START RECORD SET

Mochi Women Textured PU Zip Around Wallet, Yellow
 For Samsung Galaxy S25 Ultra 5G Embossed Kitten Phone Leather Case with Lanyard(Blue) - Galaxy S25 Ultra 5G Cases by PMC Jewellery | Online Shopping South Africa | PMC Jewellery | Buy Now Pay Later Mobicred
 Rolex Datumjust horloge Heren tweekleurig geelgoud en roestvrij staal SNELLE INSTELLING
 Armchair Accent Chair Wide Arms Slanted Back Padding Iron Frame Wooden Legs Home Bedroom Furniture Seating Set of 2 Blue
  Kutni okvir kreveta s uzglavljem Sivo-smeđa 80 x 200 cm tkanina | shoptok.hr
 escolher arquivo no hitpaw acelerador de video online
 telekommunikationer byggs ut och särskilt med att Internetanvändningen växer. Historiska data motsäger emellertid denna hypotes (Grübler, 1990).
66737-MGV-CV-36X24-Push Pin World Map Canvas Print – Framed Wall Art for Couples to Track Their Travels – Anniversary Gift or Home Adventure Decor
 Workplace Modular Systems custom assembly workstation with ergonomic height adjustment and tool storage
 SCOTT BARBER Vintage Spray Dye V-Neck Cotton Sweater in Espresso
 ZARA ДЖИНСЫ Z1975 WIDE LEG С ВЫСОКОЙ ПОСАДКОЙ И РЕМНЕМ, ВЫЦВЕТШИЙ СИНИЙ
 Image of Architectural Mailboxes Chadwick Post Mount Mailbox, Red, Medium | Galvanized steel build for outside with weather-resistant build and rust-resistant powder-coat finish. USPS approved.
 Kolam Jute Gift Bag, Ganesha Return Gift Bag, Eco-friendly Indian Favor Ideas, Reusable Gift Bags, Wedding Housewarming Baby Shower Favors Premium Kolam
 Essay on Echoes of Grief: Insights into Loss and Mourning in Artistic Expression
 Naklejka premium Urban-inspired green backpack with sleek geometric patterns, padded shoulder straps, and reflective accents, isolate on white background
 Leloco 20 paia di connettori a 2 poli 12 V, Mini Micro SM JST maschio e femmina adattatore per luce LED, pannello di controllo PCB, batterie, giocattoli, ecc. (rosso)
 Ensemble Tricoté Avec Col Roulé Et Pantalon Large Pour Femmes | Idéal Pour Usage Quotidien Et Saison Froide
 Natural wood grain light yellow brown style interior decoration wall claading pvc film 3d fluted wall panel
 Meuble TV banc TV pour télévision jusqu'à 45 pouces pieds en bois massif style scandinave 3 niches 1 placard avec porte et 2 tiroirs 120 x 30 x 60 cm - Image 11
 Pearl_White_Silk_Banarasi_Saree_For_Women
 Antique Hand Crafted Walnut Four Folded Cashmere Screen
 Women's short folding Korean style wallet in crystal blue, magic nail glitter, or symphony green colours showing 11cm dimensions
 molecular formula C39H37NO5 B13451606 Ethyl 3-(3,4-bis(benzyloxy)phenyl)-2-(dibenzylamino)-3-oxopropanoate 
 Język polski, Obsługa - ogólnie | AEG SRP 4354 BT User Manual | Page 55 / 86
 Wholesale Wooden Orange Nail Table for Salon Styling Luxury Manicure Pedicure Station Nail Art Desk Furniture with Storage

END RECORD SET

== YOUR TASK ==
What you return must match the records above exactly.

== RESPONSE ==
Mochi Women Textured PU Zip Around Wallet, Yellow
 For Samsung Galaxy S25 Ultra 5G Embossed Kitten Phone Leather Case with Lanyard(Blue) - Galaxy S25 Ultra 5G Cases by PMC Jewellery | Online Shopping South Africa | PMC Jewellery | Buy Now Pay Later Mobicred
 Rolex Datumjust horloge Heren tweekleurig geelgoud en roestvrij staal SNELLE INSTELLING
 Armchair Accent Chair Wide Arms Slanted Back Padding Iron Frame Wooden Legs Home Bedroom Furniture Seating Set of 2 Blue
  Kutni okvir kreveta s uzglavljem Sivo-smeđa 80 x 200 cm tkanina | shoptok.hr
 escolher arquivo no hitpaw acelerador de video online
 telekommunikationer byggs ut och särskilt med att Internetanvändningen växer. Historiska data motsäger emellertid denna hypotes (Grübler, 1990).
66737-MGV-CV-36X24-Push Pin World Map Canvas Print – Framed Wall Art for Couples to Track Their Travels – Anniversary Gift or Home Adventure Decor
 Workplace Modular Systems custom assembly workstation with ergonomic height adjustment and tool storage
 SCOTT BARBER Vintage Spray Dye V-Neck Cotton Sweater in Espresso
 ZARA ДЖИНСЫ Z1975 WIDE LEG С ВЫСОКОЙ ПОСАДКОЙ И РЕМНЕМ, ВЫЦВЕТШИЙ СИНИЙ
 Image of Architectural Mailboxes Chadwick Post Mount Mailbox, Red, Medium | Galvanized steel build for outside with weather-resistant build and rust-resistant powder-coat finish. USPS approved.
 Kolam Jute Gift Bag, Ganesha Return Gift Bag, Eco-friendly Indian Favor Ideas, Reusable Gift Bags, Wedding Housewarming Baby Shower Favors Premium Kolam
 Essay on Echoes of Grief: Insights into Loss and Mourning in Artistic Expression
 Naklejka premium Urban-inspired green backpack with sleek geometric patterns, padded shoulder straps, and reflective accents, isolate on white background
 Leloco 20 paia di connettori a 2 poli 12 V, Mini Micro SM JST maschio e femmina adattatore per luce LED, pannello di controllo PCB, batterie, giocattoli, ecc. (rosso)
 Ensemble Tricoté Avec Col Roulé Et Pantalon Large Pour Femmes | Idéal Pour Usage Quotidien Et Saison Froide
 Natural wood grain light yellow brown style interior decoration wall claading pvc film 3d fluted wall panel
 Meuble TV banc TV pour télévision jusqu'à 45 pouces pieds en bois massif style scandinave 3 niches 1 placard avec porte et 2 tiroirs 120 x 30 x 60 cm - Image 11
 Pearl_White_Silk_Banarasi_Saree_For_Women
 Antique Hand Crafted Walnut Four Folded Cashmere Screen
 Women's short folding Korean style wallet in crystal blue, magic nail glitter, or symphony green colours showing 11cm dimensions
 molecular formula C39H37NO5 B13451606 Ethyl 3-(3,4-bis(benzyloxy)phenyl)-2-(dibenzylamino)-3-oxopropanoate 
 Język polski, Obsługa - ogólnie | AEG SRP 4354 BT User Manual | Page 55 / 86
 Wholesale Wooden Orange Nail Table for Salon Styling Luxury Manicure Pedicure Station Nail Art Desk Furniture with Storage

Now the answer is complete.